EXERCISE: Reproduce the listing in full, exactly as written, but without images.

RECORDS PROVIDED:
------
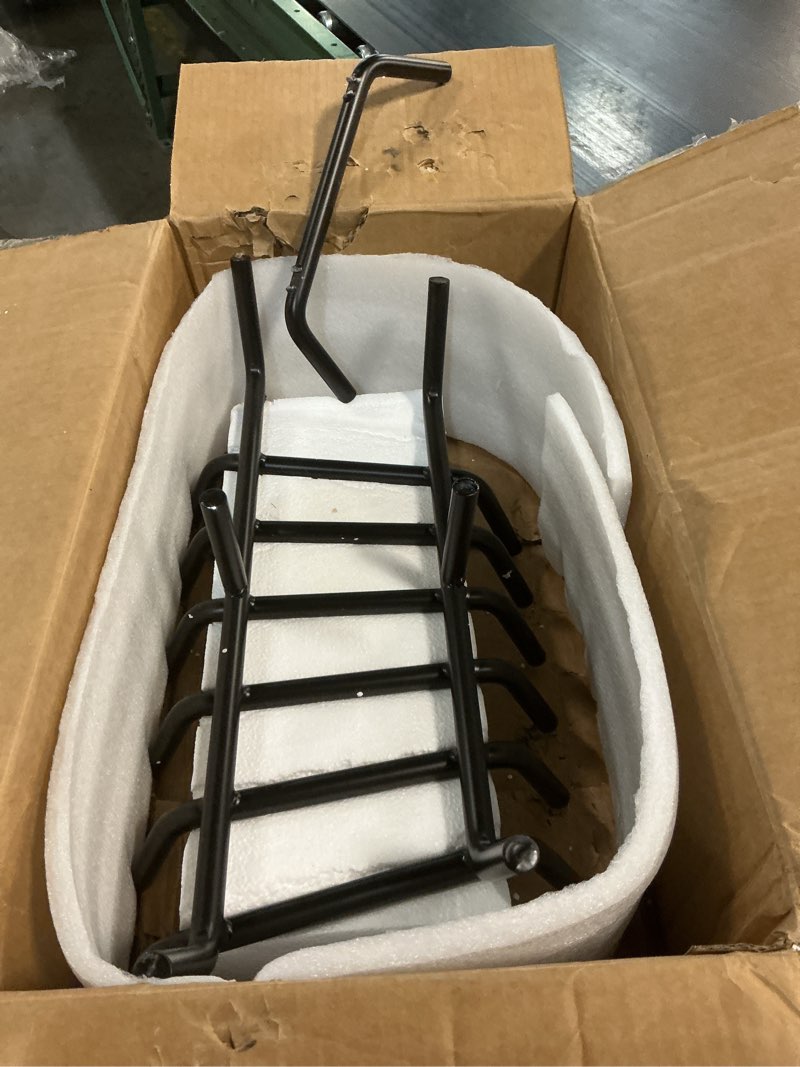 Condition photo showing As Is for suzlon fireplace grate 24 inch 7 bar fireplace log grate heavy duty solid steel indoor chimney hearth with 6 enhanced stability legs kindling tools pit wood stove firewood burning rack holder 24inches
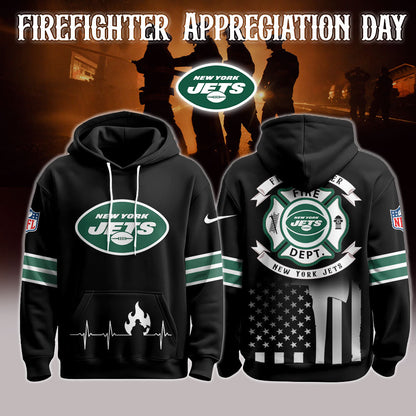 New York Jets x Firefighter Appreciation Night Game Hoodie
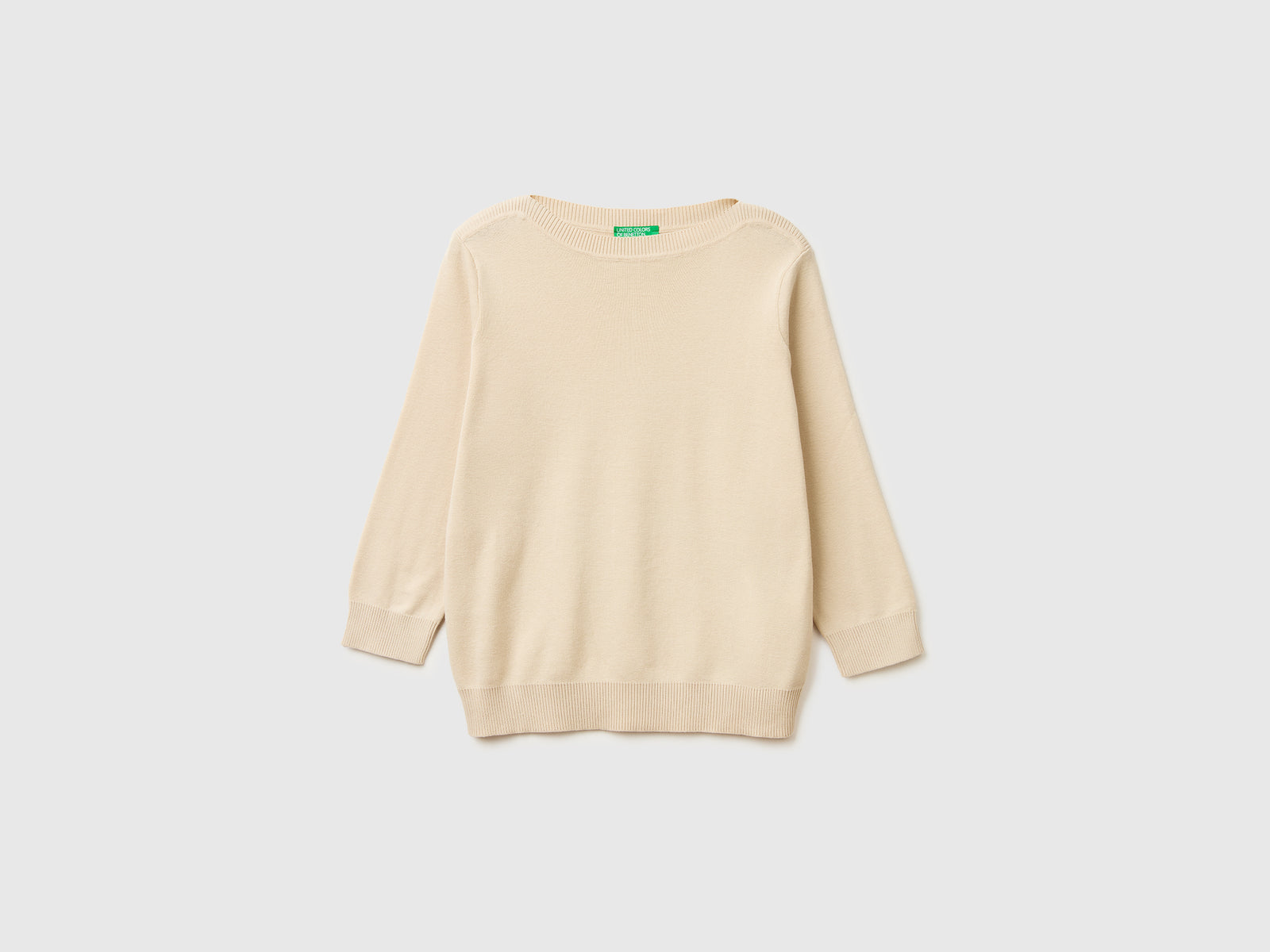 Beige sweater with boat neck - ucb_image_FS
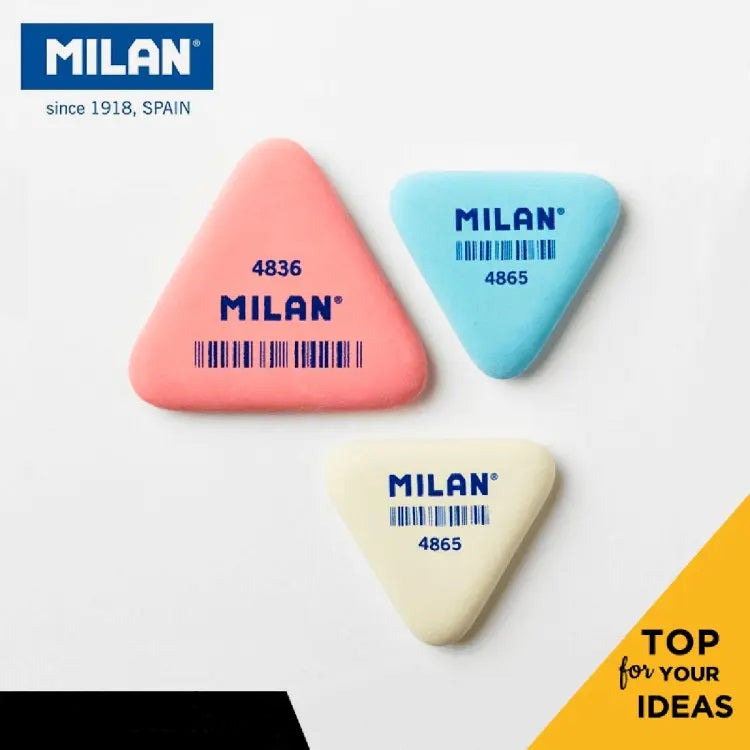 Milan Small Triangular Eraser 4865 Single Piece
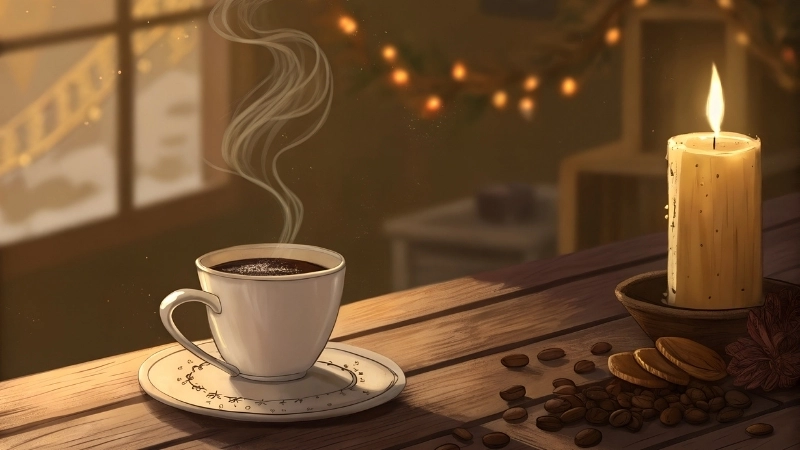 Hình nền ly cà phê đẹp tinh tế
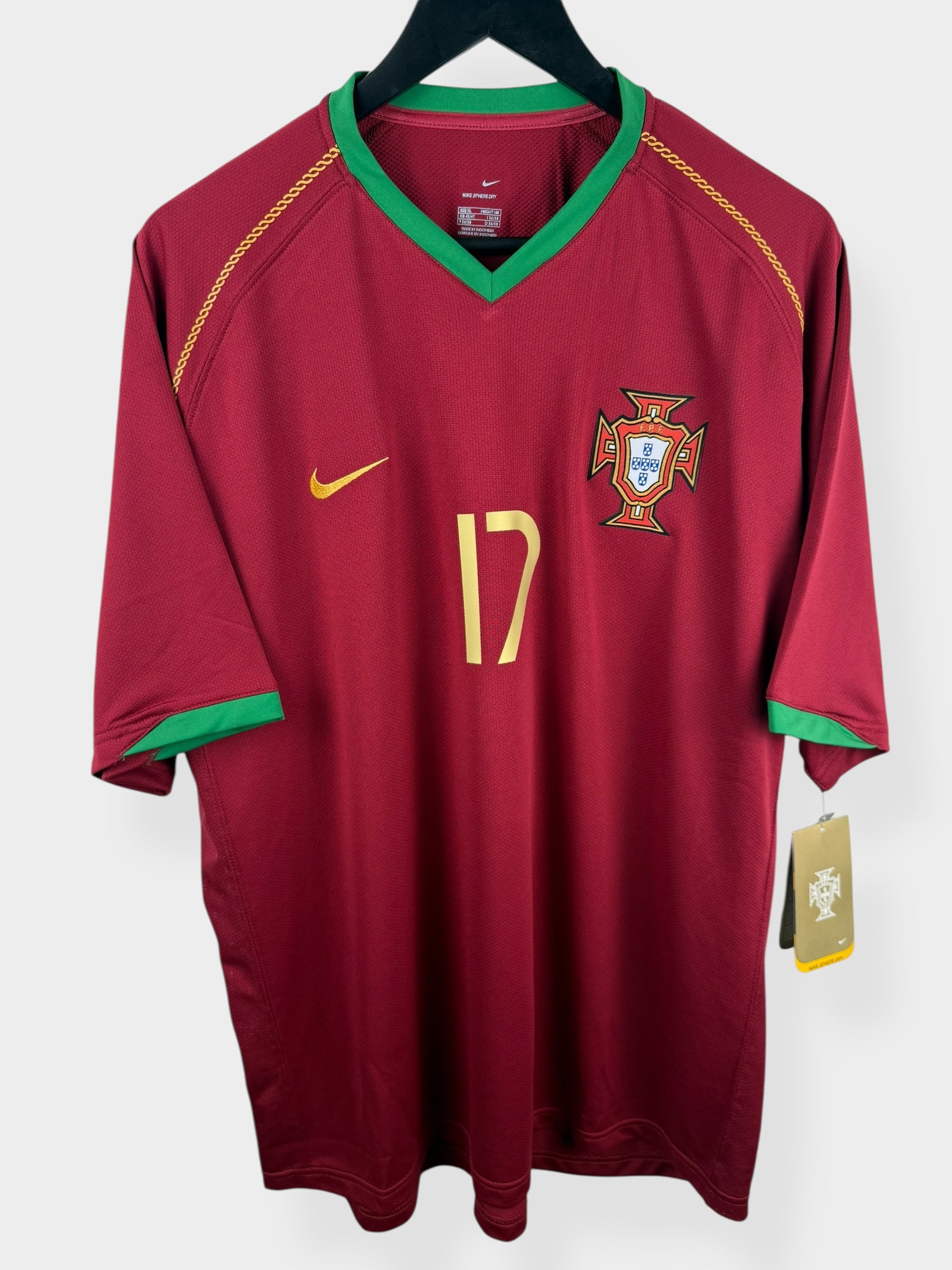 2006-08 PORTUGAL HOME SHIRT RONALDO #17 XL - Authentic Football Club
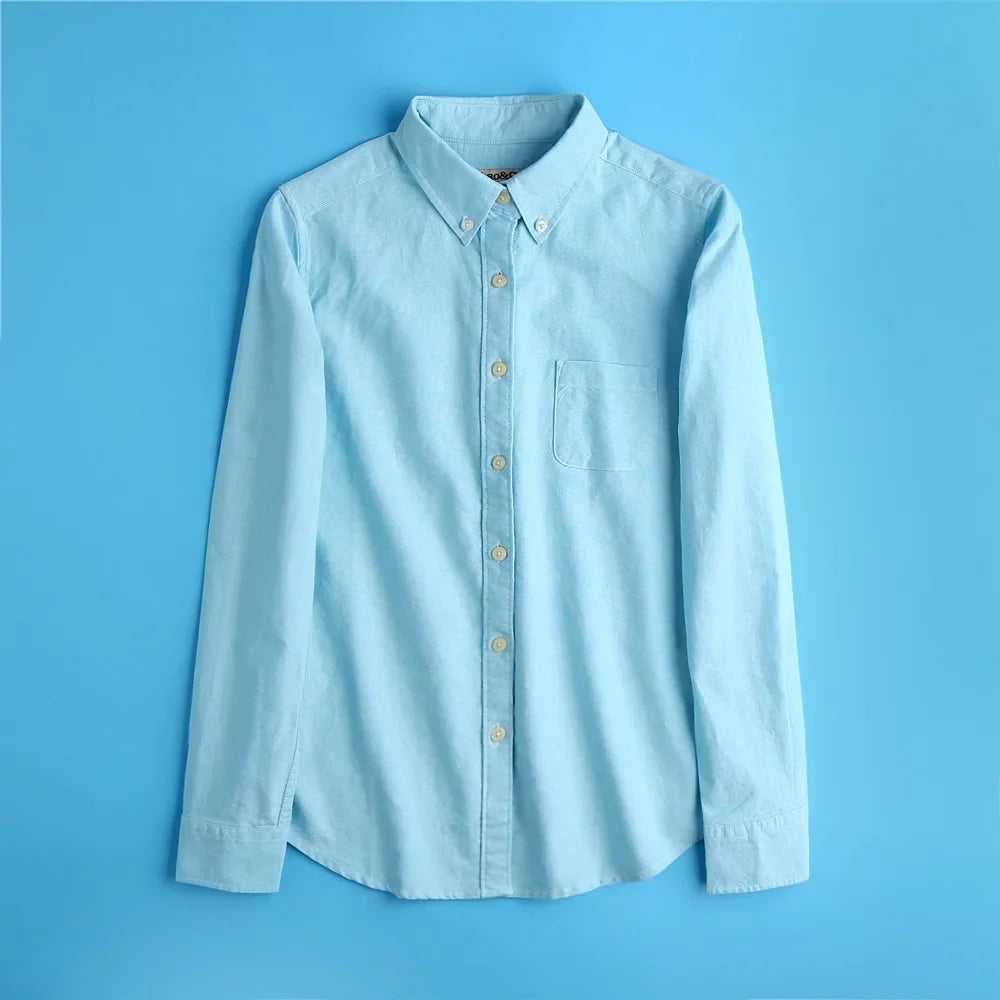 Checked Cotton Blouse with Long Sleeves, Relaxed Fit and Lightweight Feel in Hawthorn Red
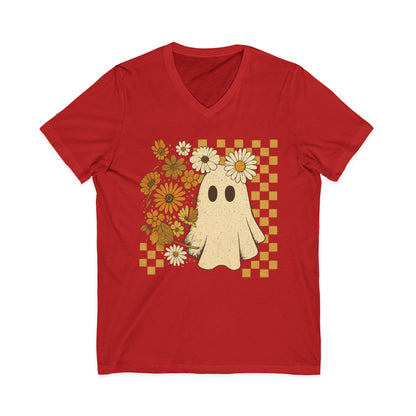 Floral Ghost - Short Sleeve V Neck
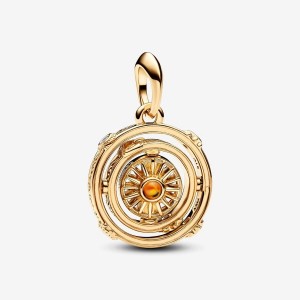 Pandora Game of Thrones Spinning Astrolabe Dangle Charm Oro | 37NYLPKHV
------
YOUR SOLUTION:
 Condition photo showing As Is for suzlon fireplace grate 24 inch 7 bar fireplace log grate heavy duty solid steel indoor chimney hearth with 6 enhanced stability legs kindling tools pit wood stove firewood burning rack holder 24inches
 New York Jets x Firefighter Appreciation Night Game Hoodie
 Beige sweater with boat neck - ucb_image_FS
 Milan Small Triangular Eraser 4865 Single Piece
 Hình nền ly cà phê đẹp tinh tế
 2006-08 PORTUGAL HOME SHIRT RONALDO #17 XL - Authentic Football Club
 Checked Cotton Blouse with Long Sleeves, Relaxed Fit and Lightweight Feel in Hawthorn Red
 Floral Ghost - Short Sleeve V Neck
 Pandora Game of Thrones Spinning Astrolabe Dangle Charm Oro | 37NYLPKHV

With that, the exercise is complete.